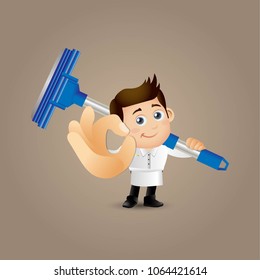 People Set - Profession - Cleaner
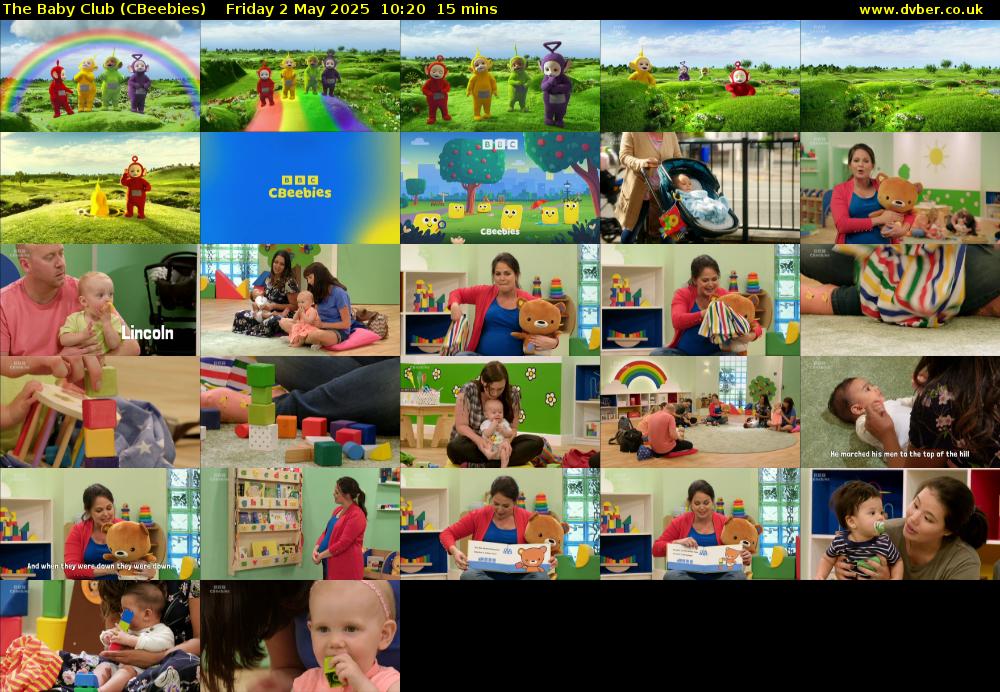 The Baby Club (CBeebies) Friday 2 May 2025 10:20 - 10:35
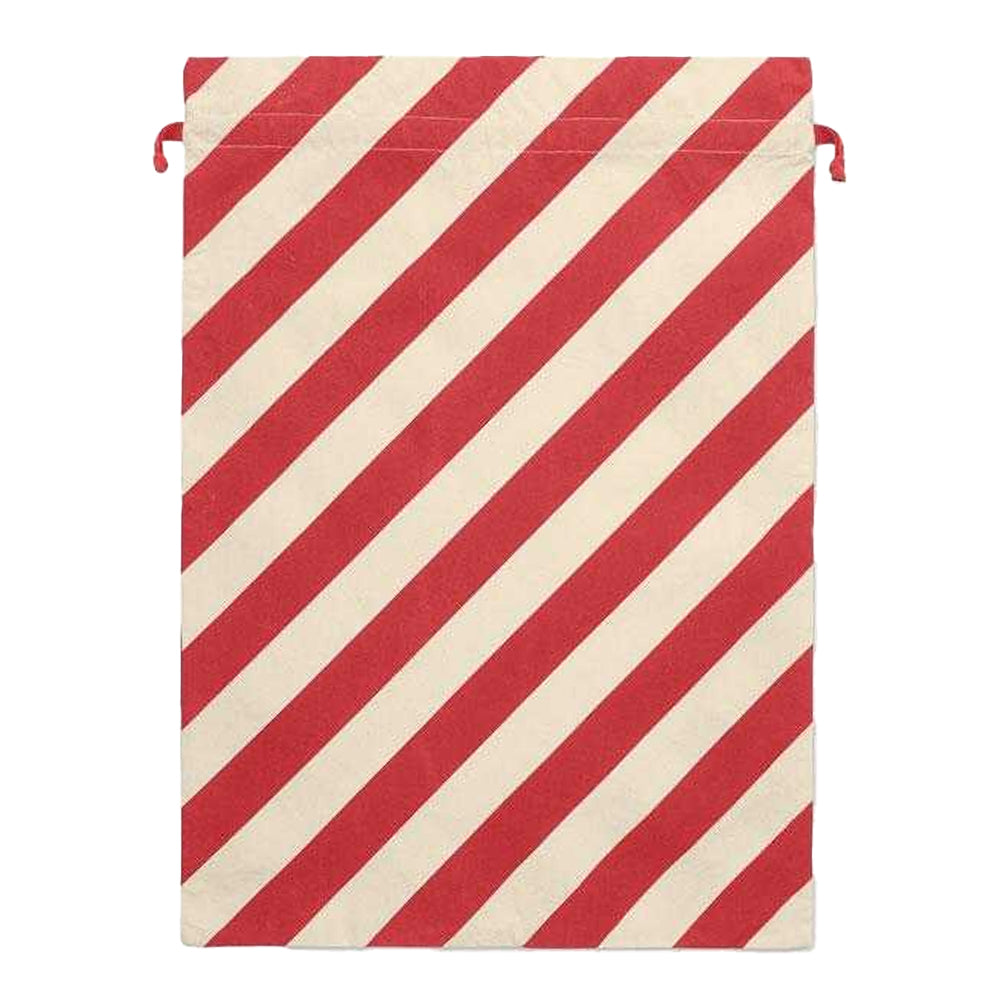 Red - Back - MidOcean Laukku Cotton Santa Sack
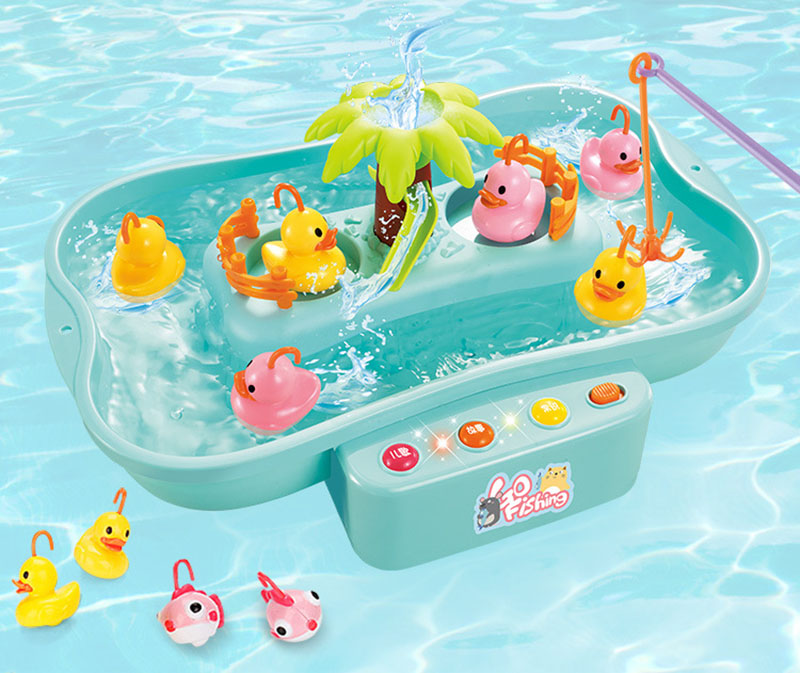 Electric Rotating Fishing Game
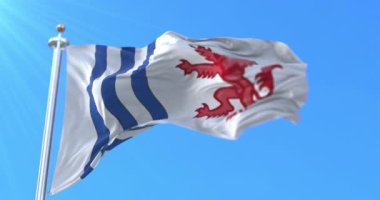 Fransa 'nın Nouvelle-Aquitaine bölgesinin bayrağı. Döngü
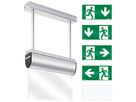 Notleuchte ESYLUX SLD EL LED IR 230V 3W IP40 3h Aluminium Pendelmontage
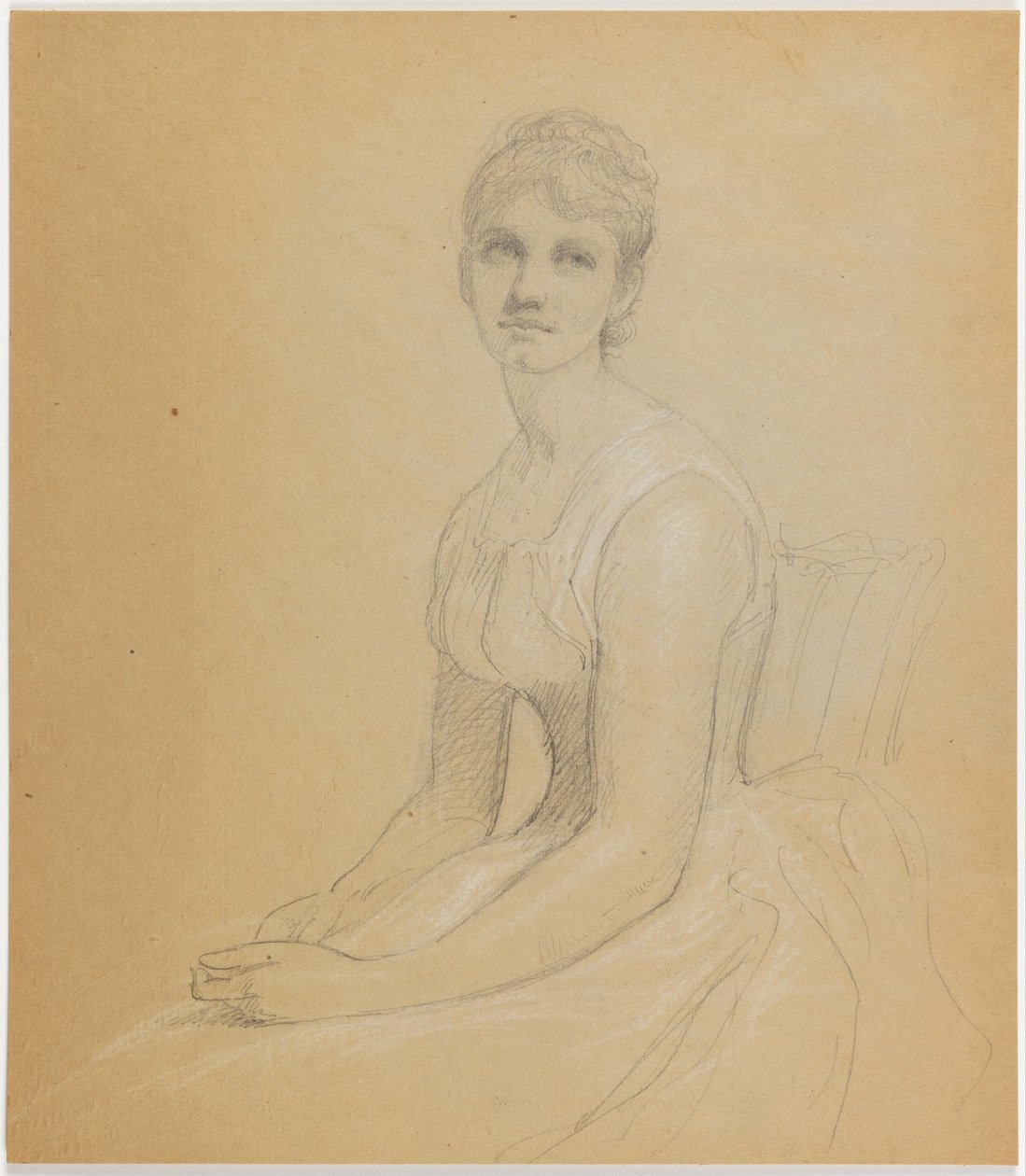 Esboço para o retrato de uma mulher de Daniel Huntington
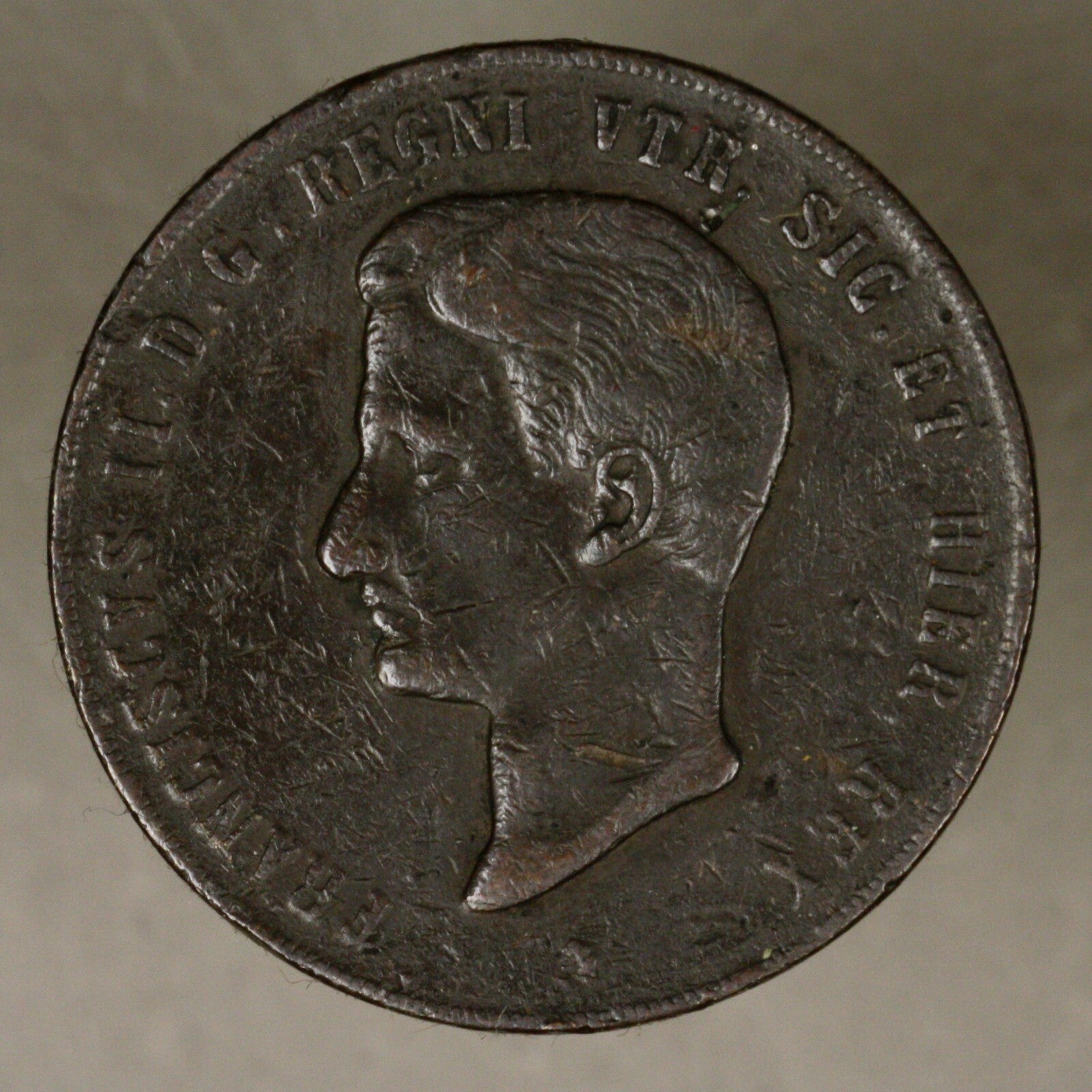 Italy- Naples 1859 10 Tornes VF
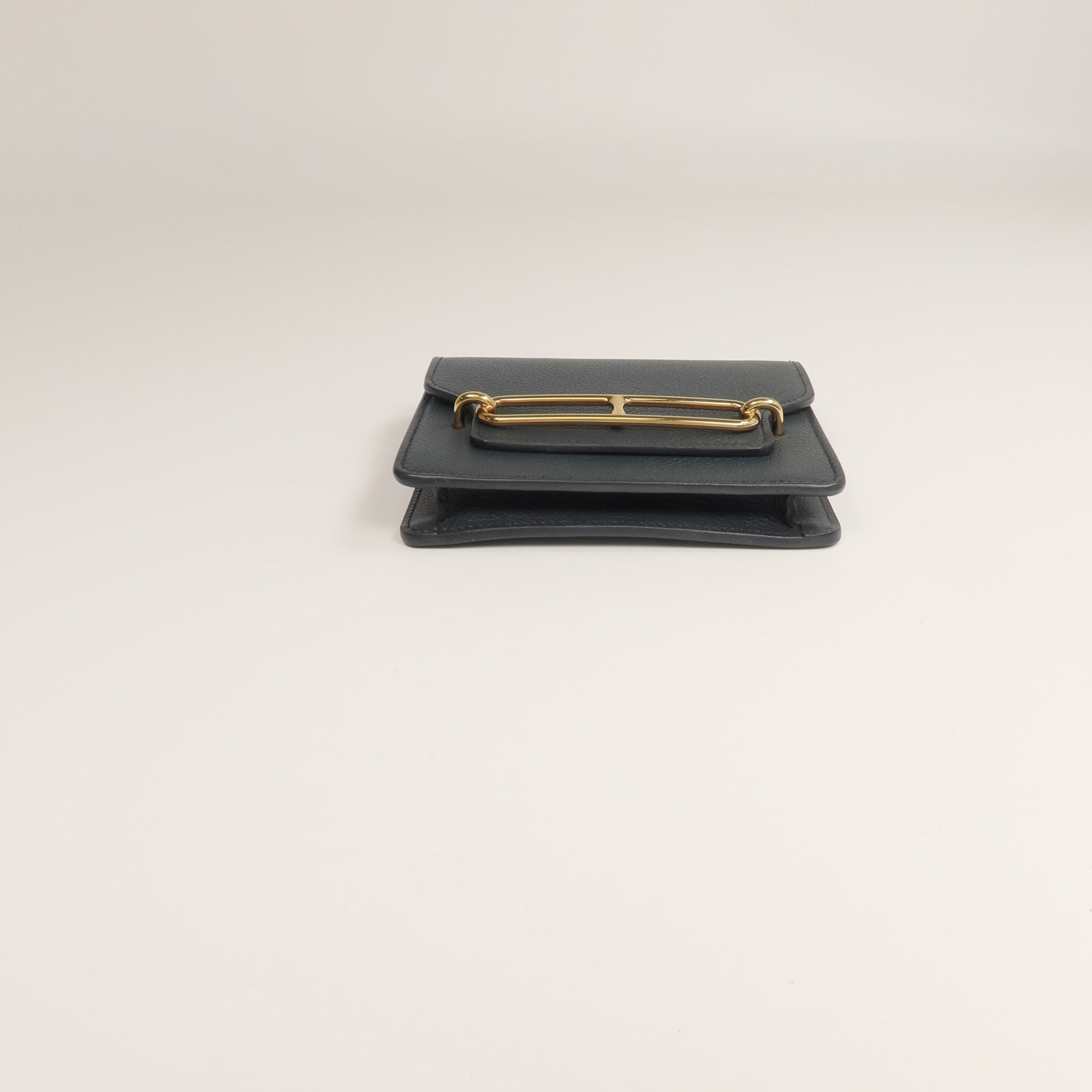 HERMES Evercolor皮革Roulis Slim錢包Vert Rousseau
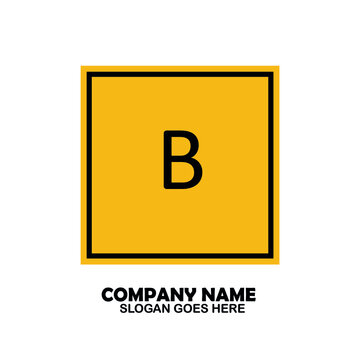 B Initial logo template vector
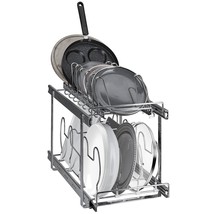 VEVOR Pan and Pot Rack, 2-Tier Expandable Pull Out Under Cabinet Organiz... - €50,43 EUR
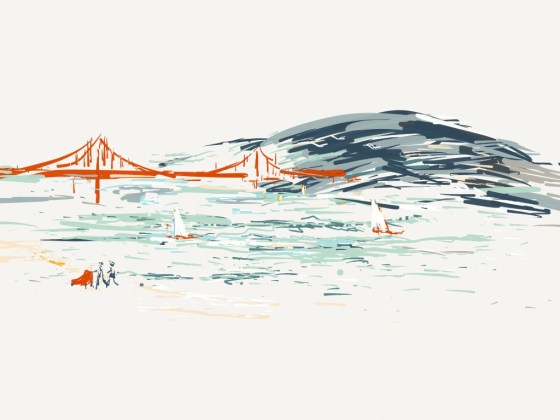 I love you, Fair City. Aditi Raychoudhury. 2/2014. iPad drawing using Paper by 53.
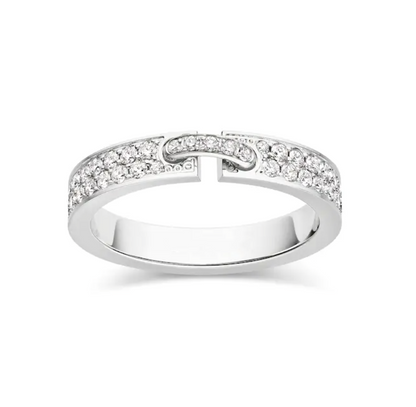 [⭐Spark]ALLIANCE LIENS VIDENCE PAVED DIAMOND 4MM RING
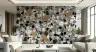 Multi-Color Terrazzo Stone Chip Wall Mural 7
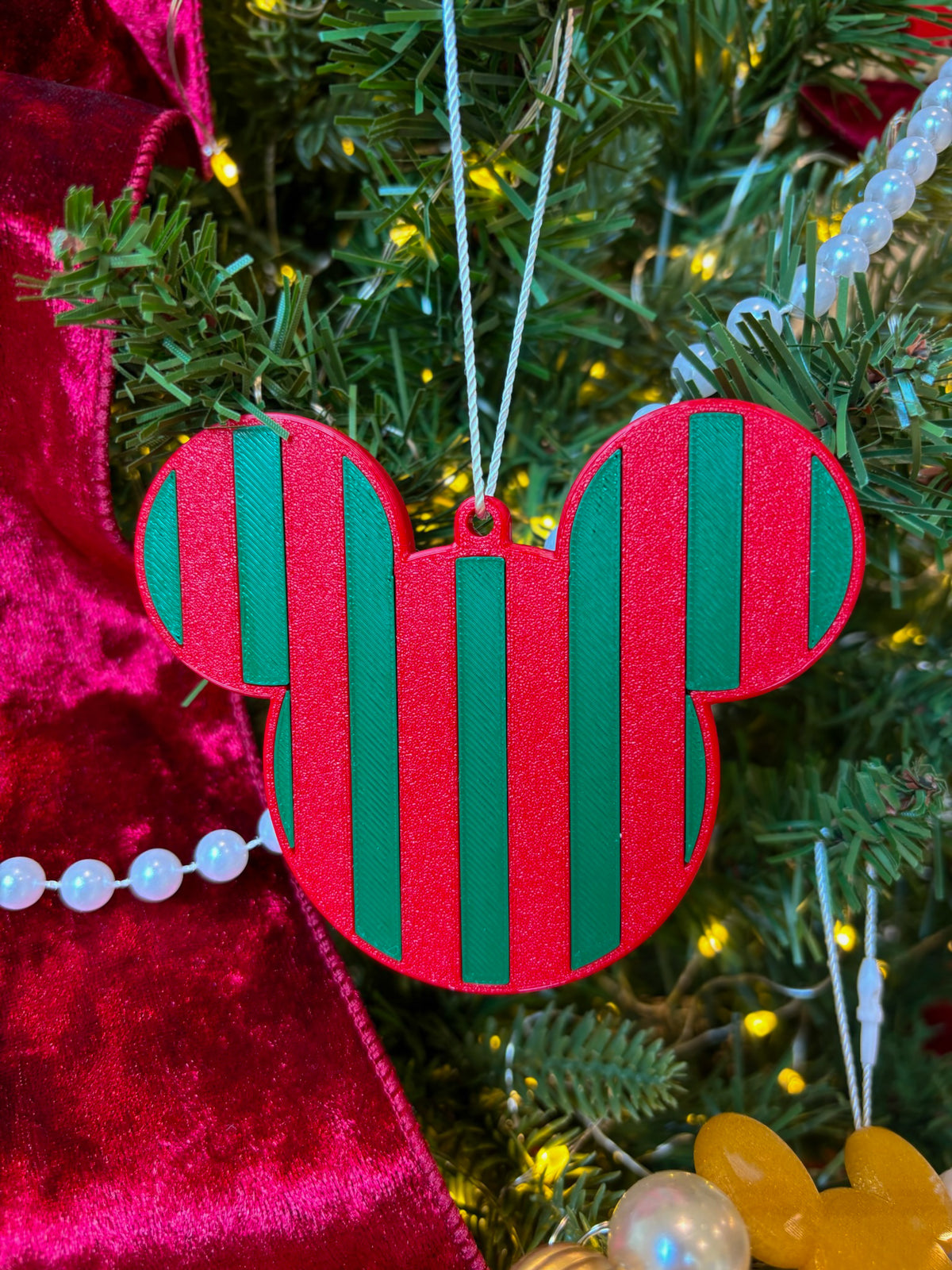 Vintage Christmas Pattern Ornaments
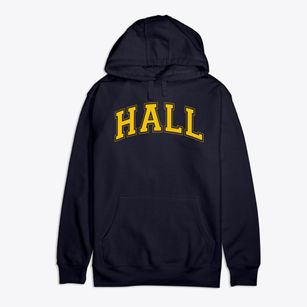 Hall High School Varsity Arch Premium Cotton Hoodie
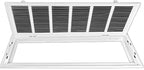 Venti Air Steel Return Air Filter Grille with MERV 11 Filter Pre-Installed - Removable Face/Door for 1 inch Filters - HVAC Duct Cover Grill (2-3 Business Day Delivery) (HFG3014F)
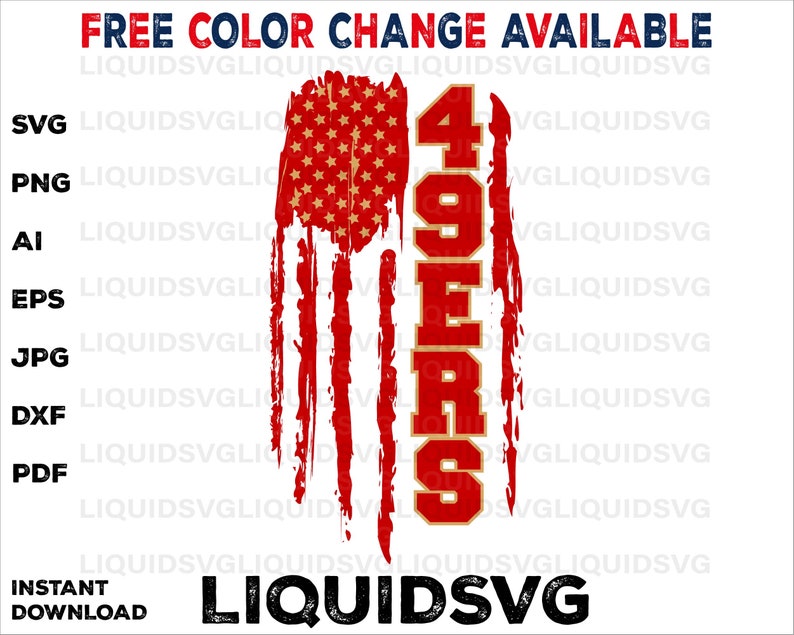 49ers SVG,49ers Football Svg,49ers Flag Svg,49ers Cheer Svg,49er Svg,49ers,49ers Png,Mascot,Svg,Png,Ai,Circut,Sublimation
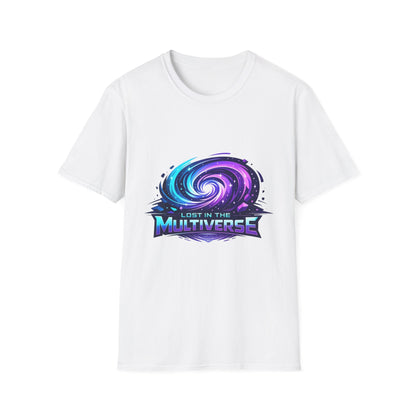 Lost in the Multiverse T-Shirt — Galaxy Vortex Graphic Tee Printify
-*-*-
Leaving out all pictures, repeat word for word the lines from the one containing "Fransa 'nın Nouvelle-Aquitaine" through the final line of the material above.

Response –
 Fransa 'nın Nouvelle-Aquitaine bölgesinin bayrağı. Döngü
 Notleuchte ESYLUX SLD EL LED IR 230V 3W IP40 3h Aluminium Pendelmontage
 Esboço para o retrato de uma mulher de Daniel Huntington
 Italy- Naples 1859 10 Tornes VF
 HERMES Evercolor皮革Roulis Slim錢包Vert Rousseau
 B Initial logo template vector
 VEVOR Pan and Pot Rack, 2-Tier Expandable Pull Out Under Cabinet Organiz... - €50,43 EUR
 I love you, Fair City. Aditi Raychoudhury. 2/2014. iPad drawing using Paper by 53.
 [⭐Spark]ALLIANCE LIENS VIDENCE PAVED DIAMOND 4MM RING
 Multi-Color Terrazzo Stone Chip Wall Mural 7
 Vintage Christmas Pattern Ornaments
 Hall High School Varsity Arch Premium Cotton Hoodie
 Venti Air Steel Return Air Filter Grille with MERV 11 Filter Pre-Installed - Removable Face/Door for 1 inch Filters - HVAC Duct Cover Grill (2-3 Business Day Delivery) (HFG3014F)
 49ers SVG,49ers Football Svg,49ers Flag Svg,49ers Cheer Svg,49er Svg,49ers,49ers Png,Mascot,Svg,Png,Ai,Circut,Sublimation
 Lost in the Multiverse T-Shirt — Galaxy Vortex Graphic Tee Printify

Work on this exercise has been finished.